I admire Munger Tolles & Olson for many reasons (“MTO”), so let me hold up MTO as a positive example here. At the top of its homepage, the firm touts an American Lawyer article describing the firm as “progressive—perhaps radically progressive.” I don’t know how long Munger has had this language featured so prominently on its website. But if a right-wing lawyer joined MTO after this self-branding, got fired for publicly expressing conservative views, and then complained of “cancellation,” I might say to this person, “You walked into the lion’s den—are you really surprised that you got eaten?”
[UPDATE (12/7/2022, 11:46 p.m.): I received the following message from Brad Brian, a leading trial lawyer and chair of Munger, Tolles & Olson: “We appreciate the positive statements about our firm in your recent article. However, I do want to provide you with additional context about the “progressive—perhaps radically progressive” language on our website that you have quoted. That comment is from an Am Law article (link here) addressing our governance structure and the firm’s diversity and support for work-life integration; it is not a reference to the politics of our colleagues. We see now how this quote could be interpreted incorrectly and will explore how to address this further going forward. But, to be clear here, neither we nor Am Law (we are most confident) meant the quote to have the meaning you appear to ascribe to it. To the contrary, we are proud that our firm is made up of lawyers with a variety of political perspectives. Diversity has always been a cornerstone of our organization, and we strongly believe that a diverse and inclusive workforce—including respect for differing political viewpoints—allows us to better serve our clients and support one another.”]

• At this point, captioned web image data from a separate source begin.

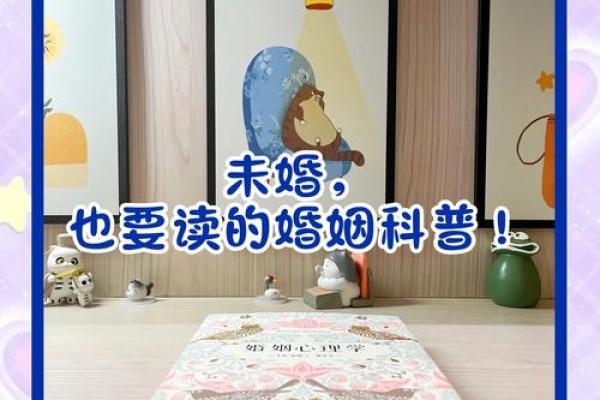 封诰在夫妻宫的女人命运与婚姻的奥秘解析 封诰在夫妻宫的女人命运与婚姻的奥秘解析
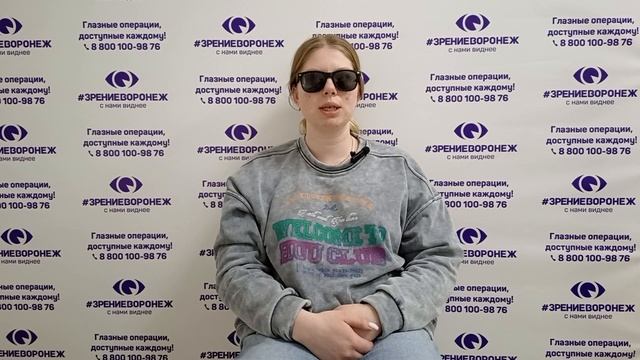 Отзыв о лазерной коррекции зрения в клинике "Зрение Воронеж", 88001009876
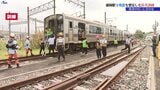 「正しい行動を瞬時に取れるように」JR盛岡駅で地震を想定した総合防災訓練|TBS NEWS DIG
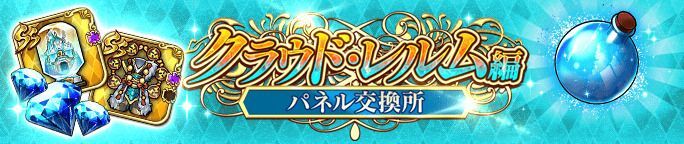 クラウド・レルム編の描き下ろしイラストが見れるパネル交換所が登場！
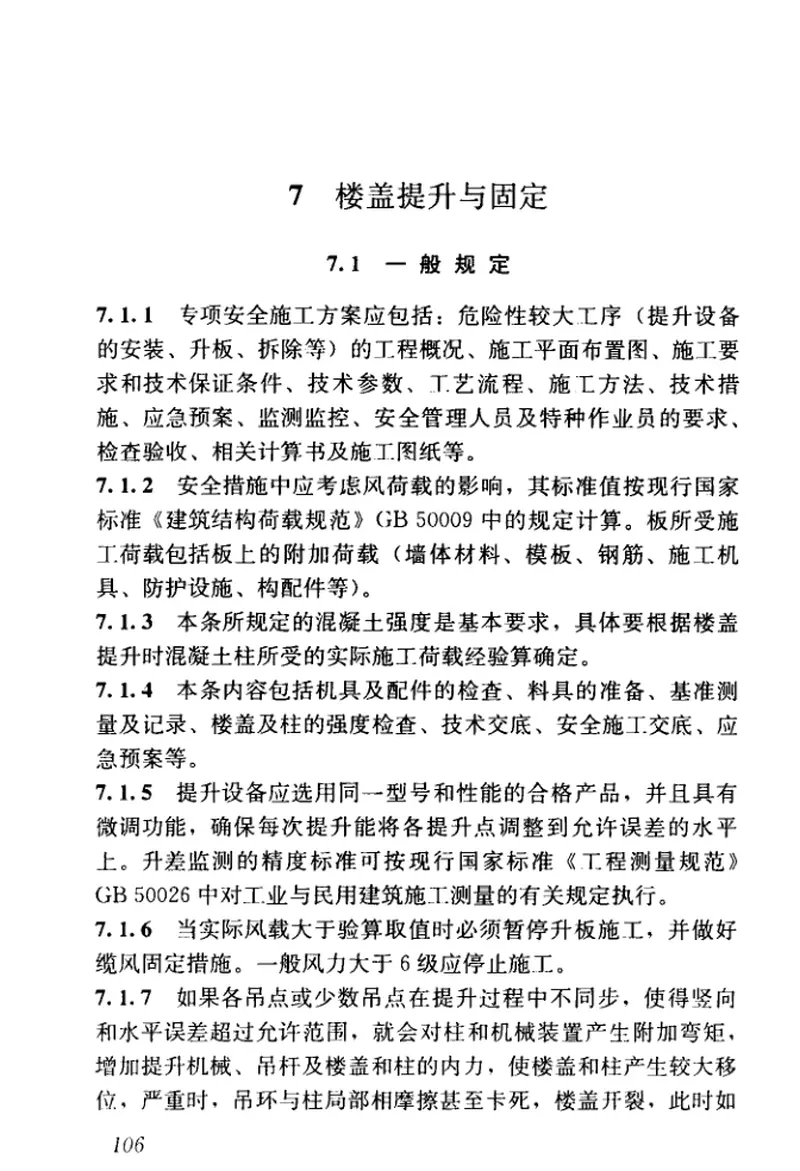 GBT50130-2018混凝土升板结构技术标准 预览图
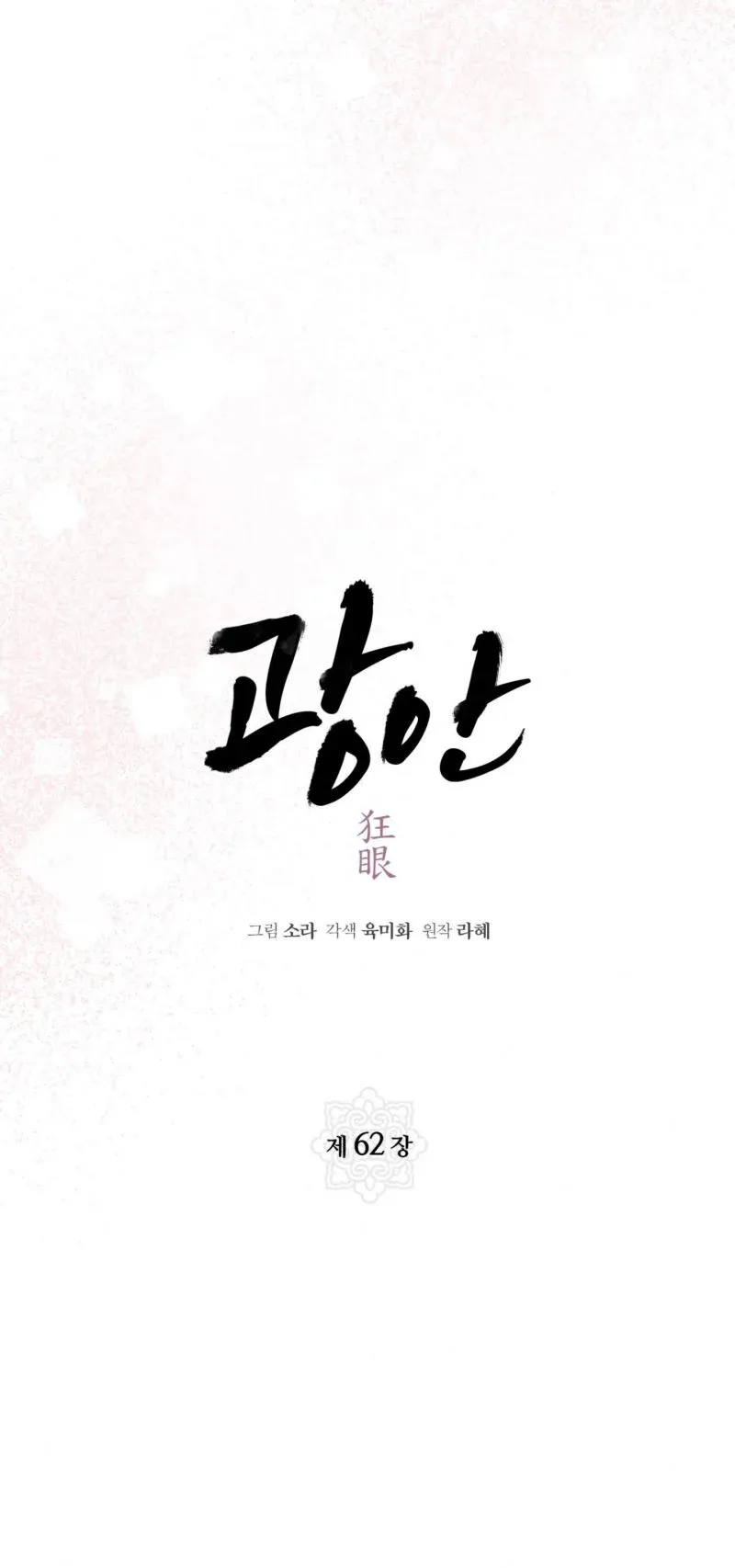 Cuồng Nhãn Chương 62.5 page 3 - Giả Dược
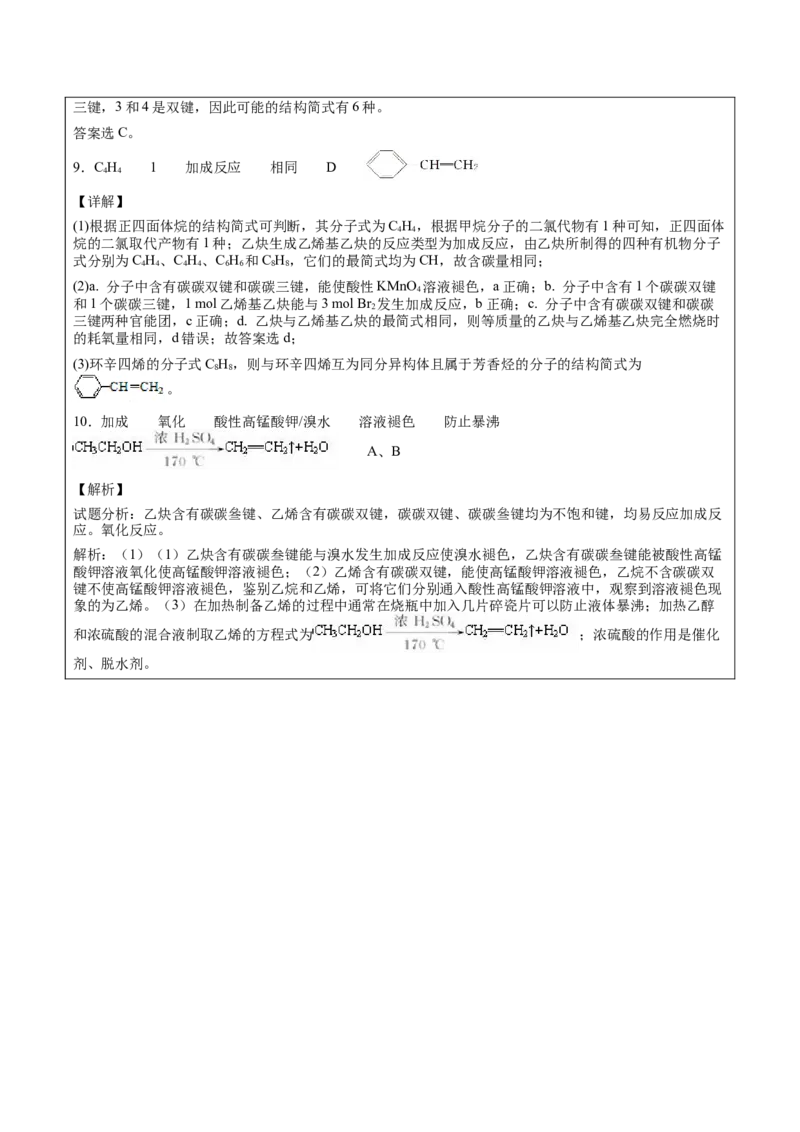 第2章第2节第2课时炔烃讲义新教材2020-2021学年人教版(2019)高二化学选择性必修三（机构用）_高化_2025春-人教版高中化学_05新版高中化学选择性必修3_7.机构专用_讲义+习题（机构用）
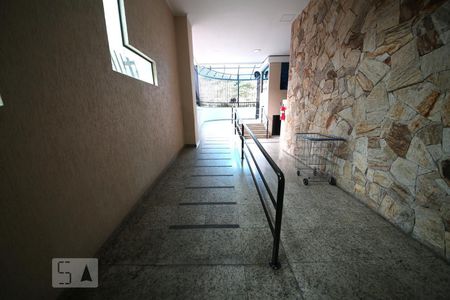 Apartamento à venda com 89m², 2 quartos e 1 vagaAcesso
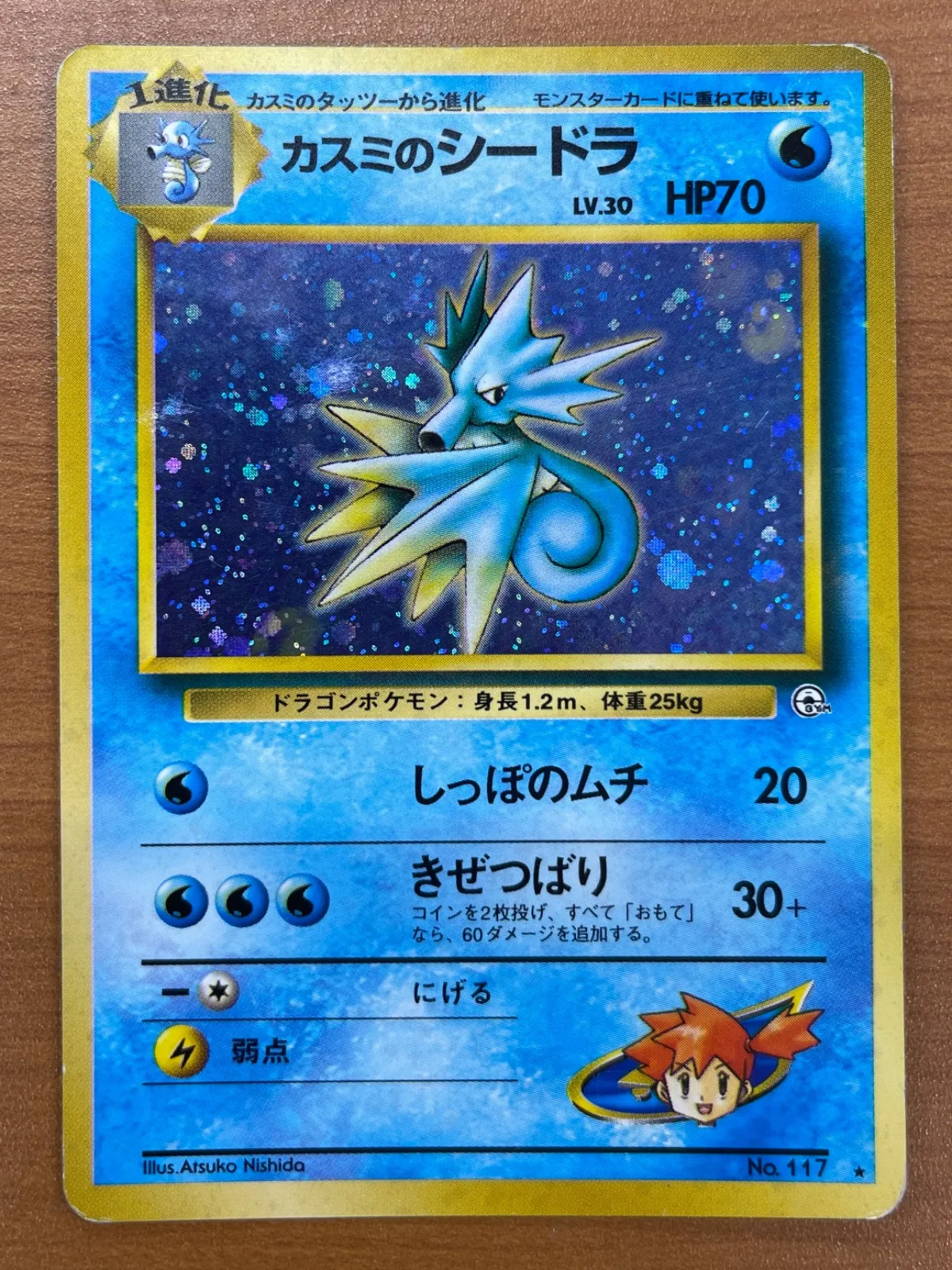 2025年最新】カスミ 旧裏 psa10の人気アイテム - メルカリ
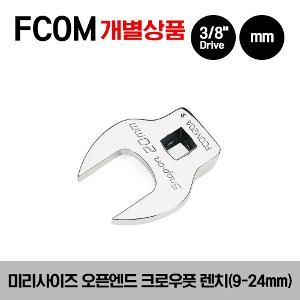 FCOM 3/8&quot; Drive Metric Open End Crowfoot Wrench 스냅온 3/8&quot; 드라이브 미리사이즈 오픈 엔드 크로우풋 렌치 (9-24mm) (FCOM9A, FCOM10A, FCOM11A, FCOM12A, FCOM13A, FCOM14A, FCOM15A, FCOM16A, FCOM17A, FCOM18A, FCOM19A, FCOM20A, FCOM21A, FCOM22A, FCOM24A)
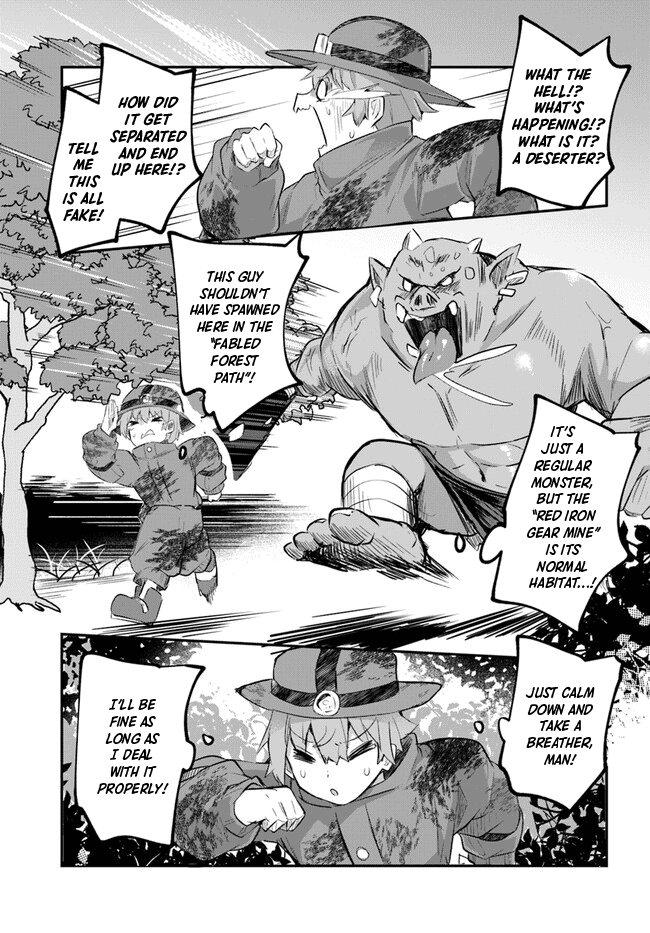 After School Labyrinth Adventurer ~I'm Now Able to Go Back and Forth Between Japan and Another World, and I'll Work Hard to Level Up~ Chapter 4 page 5 - Chapter 4: Where There is Pain, There is Pleasure...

[UPDATE (12/2/2022, 8:16 a.m.): Regarding Munger Tolles, whose main offices are in Los Angeles and San Francisco, a reader pointed out to me that California law prohibits employers from “[f]orbidding or preventing employees from engaging or participating in politics” and “[c]ontrolling or directing, or tending to control or direct the political activities or affiliations of employees.” MTO also has a small office in Washington; under D.C. law, employers cannot discriminate against employees based on “political affiliation.” So it might violate California or D.C. law for Munger to fire all its Republican lawyers tomorrow. But
most many jurisdictions, as well as the federal government, do not have laws along these lines (although some commentators, such as Vivek Ramaswamy and Professor Jed Rubenfeld in this Wall Street Journal op-ed, argue that they should). So my general point still stands: most many employers remain free to discriminate based on political considerations, and personally speaking, I’m not sure I’m that troubled.]
[UPDATE (12/2/2022, 10:30 a.m.): For folks who are interested, Professor Eugene Volokh has put together this excellent compilation of state laws regulating what employers can do vis-a-vis private employees’ speech and political activity. These statutes are more widespread than I realized; per Professor Volokh, “[a]bout half of Americans live in jurisdictions that protect some private employee speech or political activity from employer retaliation.” I have therefore changed “most” to “many” in my earlier update—i.e., many jurisdictions don’t have these laws, and many employers remain free to discriminate on these grounds.]